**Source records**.
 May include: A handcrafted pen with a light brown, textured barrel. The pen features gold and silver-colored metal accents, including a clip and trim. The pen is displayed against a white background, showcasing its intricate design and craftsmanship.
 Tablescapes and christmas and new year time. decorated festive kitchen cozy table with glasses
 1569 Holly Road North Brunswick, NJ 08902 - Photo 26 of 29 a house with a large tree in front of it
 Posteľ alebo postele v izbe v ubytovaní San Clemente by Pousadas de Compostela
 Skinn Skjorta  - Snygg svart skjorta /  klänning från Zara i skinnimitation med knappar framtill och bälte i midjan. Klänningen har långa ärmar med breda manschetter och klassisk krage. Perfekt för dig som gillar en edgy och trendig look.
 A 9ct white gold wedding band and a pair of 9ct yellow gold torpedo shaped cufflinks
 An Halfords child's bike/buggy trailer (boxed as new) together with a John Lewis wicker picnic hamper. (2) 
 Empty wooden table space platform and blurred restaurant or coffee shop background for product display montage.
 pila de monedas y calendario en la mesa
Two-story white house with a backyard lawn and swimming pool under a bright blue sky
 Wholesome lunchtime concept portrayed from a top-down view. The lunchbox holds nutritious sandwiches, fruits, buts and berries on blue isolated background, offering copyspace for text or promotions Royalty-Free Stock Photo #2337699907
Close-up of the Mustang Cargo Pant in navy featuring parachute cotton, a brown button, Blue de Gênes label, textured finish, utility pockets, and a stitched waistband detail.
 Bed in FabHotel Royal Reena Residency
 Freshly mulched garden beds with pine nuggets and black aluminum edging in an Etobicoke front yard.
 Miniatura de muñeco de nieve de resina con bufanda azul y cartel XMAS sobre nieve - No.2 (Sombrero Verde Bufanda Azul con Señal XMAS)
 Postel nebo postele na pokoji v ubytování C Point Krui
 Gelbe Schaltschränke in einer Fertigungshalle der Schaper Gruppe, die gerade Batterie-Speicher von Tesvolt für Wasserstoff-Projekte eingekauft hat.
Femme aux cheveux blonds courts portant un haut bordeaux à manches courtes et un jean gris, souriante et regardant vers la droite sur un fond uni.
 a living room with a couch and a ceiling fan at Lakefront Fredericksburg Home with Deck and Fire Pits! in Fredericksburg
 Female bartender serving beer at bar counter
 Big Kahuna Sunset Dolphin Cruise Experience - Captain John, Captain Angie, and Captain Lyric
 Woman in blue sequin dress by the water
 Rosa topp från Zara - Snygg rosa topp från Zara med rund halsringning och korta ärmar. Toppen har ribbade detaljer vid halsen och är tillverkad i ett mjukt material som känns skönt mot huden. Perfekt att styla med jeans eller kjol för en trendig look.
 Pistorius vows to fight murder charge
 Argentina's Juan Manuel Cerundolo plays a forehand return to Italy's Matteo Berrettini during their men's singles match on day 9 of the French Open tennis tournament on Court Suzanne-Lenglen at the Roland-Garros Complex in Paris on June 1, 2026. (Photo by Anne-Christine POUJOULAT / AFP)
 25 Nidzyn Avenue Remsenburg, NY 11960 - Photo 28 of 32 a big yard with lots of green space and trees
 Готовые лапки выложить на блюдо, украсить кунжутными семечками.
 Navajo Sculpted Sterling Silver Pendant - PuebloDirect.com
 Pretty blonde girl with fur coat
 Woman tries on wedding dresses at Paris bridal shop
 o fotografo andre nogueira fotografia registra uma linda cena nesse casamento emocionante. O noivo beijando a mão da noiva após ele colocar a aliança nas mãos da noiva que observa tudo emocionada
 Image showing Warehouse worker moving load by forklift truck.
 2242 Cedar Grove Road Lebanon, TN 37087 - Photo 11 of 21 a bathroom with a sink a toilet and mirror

**TASK STATEMENT**.
The records must each be output verbatim, with nothing left out.

**PROBLEM SOLUTION**.
 May include: A handcrafted pen with a light brown, textured barrel. The pen features gold and silver-colored metal accents, including a clip and trim. The pen is displayed against a white background, showcasing its intricate design and craftsmanship.
 Tablescapes and christmas and new year time. decorated festive kitchen cozy table with glasses
 1569 Holly Road North Brunswick, NJ 08902 - Photo 26 of 29 a house with a large tree in front of it
 Posteľ alebo postele v izbe v ubytovaní San Clemente by Pousadas de Compostela
 Skinn Skjorta  - Snygg svart skjorta /  klänning från Zara i skinnimitation med knappar framtill och bälte i midjan. Klänningen har långa ärmar med breda manschetter och klassisk krage. Perfekt för dig som gillar en edgy och trendig look.
 A 9ct white gold wedding band and a pair of 9ct yellow gold torpedo shaped cufflinks
 An Halfords child's bike/buggy trailer (boxed as new) together with a John Lewis wicker picnic hamper. (2) 
 Empty wooden table space platform and blurred restaurant or coffee shop background for product display montage.
 pila de monedas y calendario en la mesa
Two-story white house with a backyard lawn and swimming pool under a bright blue sky
 Wholesome lunchtime concept portrayed from a top-down view. The lunchbox holds nutritious sandwiches, fruits, buts and berries on blue isolated background, offering copyspace for text or promotions Royalty-Free Stock Photo #2337699907
Close-up of the Mustang Cargo Pant in navy featuring parachute cotton, a brown button, Blue de Gênes label, textured finish, utility pockets, and a stitched waistband detail.
 Bed in FabHotel Royal Reena Residency
 Freshly mulched garden beds with pine nuggets and black aluminum edging in an Etobicoke front yard.
 Miniatura de muñeco de nieve de resina con bufanda azul y cartel XMAS sobre nieve - No.2 (Sombrero Verde Bufanda Azul con Señal XMAS)
 Postel nebo postele na pokoji v ubytování C Point Krui
 Gelbe Schaltschränke in einer Fertigungshalle der Schaper Gruppe, die gerade Batterie-Speicher von Tesvolt für Wasserstoff-Projekte eingekauft hat.
Femme aux cheveux blonds courts portant un haut bordeaux à manches courtes et un jean gris, souriante et regardant vers la droite sur un fond uni.
 a living room with a couch and a ceiling fan at Lakefront Fredericksburg Home with Deck and Fire Pits! in Fredericksburg
 Female bartender serving beer at bar counter
 Big Kahuna Sunset Dolphin Cruise Experience - Captain John, Captain Angie, and Captain Lyric
 Woman in blue sequin dress by the water
 Rosa topp från Zara - Snygg rosa topp från Zara med rund halsringning och korta ärmar. Toppen har ribbade detaljer vid halsen och är tillverkad i ett mjukt material som känns skönt mot huden. Perfekt att styla med jeans eller kjol för en trendig look.
 Pistorius vows to fight murder charge
 Argentina's Juan Manuel Cerundolo plays a forehand return to Italy's Matteo Berrettini during their men's singles match on day 9 of the French Open tennis tournament on Court Suzanne-Lenglen at the Roland-Garros Complex in Paris on June 1, 2026. (Photo by Anne-Christine POUJOULAT / AFP)
 25 Nidzyn Avenue Remsenburg, NY 11960 - Photo 28 of 32 a big yard with lots of green space and trees
 Готовые лапки выложить на блюдо, украсить кунжутными семечками.
 Navajo Sculpted Sterling Silver Pendant - PuebloDirect.com
 Pretty blonde girl with fur coat
 Woman tries on wedding dresses at Paris bridal shop
 o fotografo andre nogueira fotografia registra uma linda cena nesse casamento emocionante. O noivo beijando a mão da noiva após ele colocar a aliança nas mãos da noiva que observa tudo emocionada
 Image showing Warehouse worker moving load by forklift truck.
 2242 Cedar Grove Road Lebanon, TN 37087 - Photo 11 of 21 a bathroom with a sink a toilet and mirror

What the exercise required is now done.